Scabious, knapweed, yarrow, wild carrot and the like are jostled by dock and thistle interlopers.  But then dock seed-heads add a pleasing rusty-red and thistle flowers lure in more bees and butterflies – though they’ll need weeding out in time.

Where garden meets salt-marsh, sits a mirror-sided studio that whacked my jealousy gene hard.  And continued to painfully jab it.  I easily imagined myself living here and sitting within this garden-room, supping Earl Grey, periodically tapping furiously at my keyboard, stopping too often and staring out of the window.

At this view.  The marsh is mesmerizing and

changes almost constantly with the light.

And it is full of marsh-loving birds – as you might expect.  I wasn’t able to get great photos of the bird life I saw (which is why I didn’t initially publish these photos) but I think this is a (slightly blurred) female reed bunting.

This looks like a reed warbler though it might just as easily be a marsh warbler.  (An expert can have trouble telling them apart … so take your pick).

I’m rather out of my confidence zone with id’ing these small, unfamiliar birds but I’m going to confidently assert that this is a juvenile whitethroat (unless you know different).

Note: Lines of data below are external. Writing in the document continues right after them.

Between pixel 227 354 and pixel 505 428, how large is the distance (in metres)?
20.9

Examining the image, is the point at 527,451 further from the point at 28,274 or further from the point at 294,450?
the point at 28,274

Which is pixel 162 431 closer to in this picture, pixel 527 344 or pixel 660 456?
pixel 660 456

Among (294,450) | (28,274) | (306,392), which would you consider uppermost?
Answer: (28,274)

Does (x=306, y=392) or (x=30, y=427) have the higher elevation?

Up on the skyline, beyond the marsh, sits a handsome windmill, and whilst pointing my lens at that, a bird of prey floated into frame.  It didn’t come very close and at first I thought it was a buzzard.

It was only by using binoculars that I realised it was much rarer than that.  This was a marsh harrier – one of only three or four hundred pairs breeding in the UK.  I felt honoured to see it – if only from a distance.  (It’s tagged with green for easier spotting and identification, I suppose.  Or else canny advertising for salted peanuts).

Oystercatchers

The house is only a short drive from a small seaside town but from there it is a further mile or two to the beach – a long, leisurely walk on sandy paths and wooden walkways beside the banks of muddy creeks and inlets.

Common tern

Plenty more bird life here.

The north Norfolk coastline reminds me of the German Baltic where I spent my childhood summers.

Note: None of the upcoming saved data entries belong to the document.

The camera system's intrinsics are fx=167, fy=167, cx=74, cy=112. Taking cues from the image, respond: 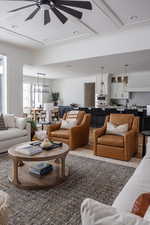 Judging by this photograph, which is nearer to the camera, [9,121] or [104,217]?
[104,217]

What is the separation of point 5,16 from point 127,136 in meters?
3.50

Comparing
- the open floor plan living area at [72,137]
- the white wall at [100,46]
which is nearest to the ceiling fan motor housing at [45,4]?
the open floor plan living area at [72,137]

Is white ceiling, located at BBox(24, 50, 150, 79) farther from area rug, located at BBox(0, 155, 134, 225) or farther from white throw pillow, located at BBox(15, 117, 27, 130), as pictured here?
area rug, located at BBox(0, 155, 134, 225)

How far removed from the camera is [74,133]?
4.04 meters

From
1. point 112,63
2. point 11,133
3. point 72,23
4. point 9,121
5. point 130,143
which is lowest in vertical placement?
point 130,143

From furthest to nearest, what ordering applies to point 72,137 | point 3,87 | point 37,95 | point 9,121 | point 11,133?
point 37,95
point 3,87
point 9,121
point 72,137
point 11,133

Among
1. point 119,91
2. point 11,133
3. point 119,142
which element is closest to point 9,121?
point 11,133

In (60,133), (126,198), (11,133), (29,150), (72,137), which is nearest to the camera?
(126,198)

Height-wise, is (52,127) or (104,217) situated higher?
(104,217)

Miles and miles of wide, yellow beaches, backed by dunes meshed together by marram grass.

The sea is shallow, shelving gently for hundreds of yards and warm in August.  Not great for swimming, perfect for paddling (after a game of beach cricket and a sandy, slightly gritty picnic).

The following morning we drove to Blakeney and hopped on a boat to visit a seal colony.  (It’s what one does when on holiday in Norfolk).

No.  Sadly not in this smashing little ‘Swallows and Amazons’ dinghy.

We could smell the seals before, rounding a sand-spit, we saw them.  A smell of large, hot, fish-eating mammals and their various excretions.  Can you imagine?  Bit like cat food mixed with long-overdue-for-a-change cat litter.  Heady.

The seals are used to groups of gawping humans floating slowly past and barely opened an eye or waved a flipper.

I wondered whether they think boatloads of chattering tourists are laid on for their own entertainment, amusement and curiosity.  If so, the novelty has long waned.

There are both gray and common seals at Blakeney but I struggled to tell which was which.  The gray seal has a longer, more pronounced snout apparently – like the one above?  It’s latin name is Halichoerus grypus which translates as “hooked-nosed sea pig” – which isn’t very nice, is it?

This is another gray seal?

But as gray seals aren’t necessarily gray and are more common than common seals, it’s anyone’s guess really.

And after a long, salty, fishy day out Jim and I were astonished (and not a little pleased) that we had finally succeeded in tiring out a 13-year-old boy.  Now that’s a sight you don’t see very often.  Never mind seals and marsh harriers.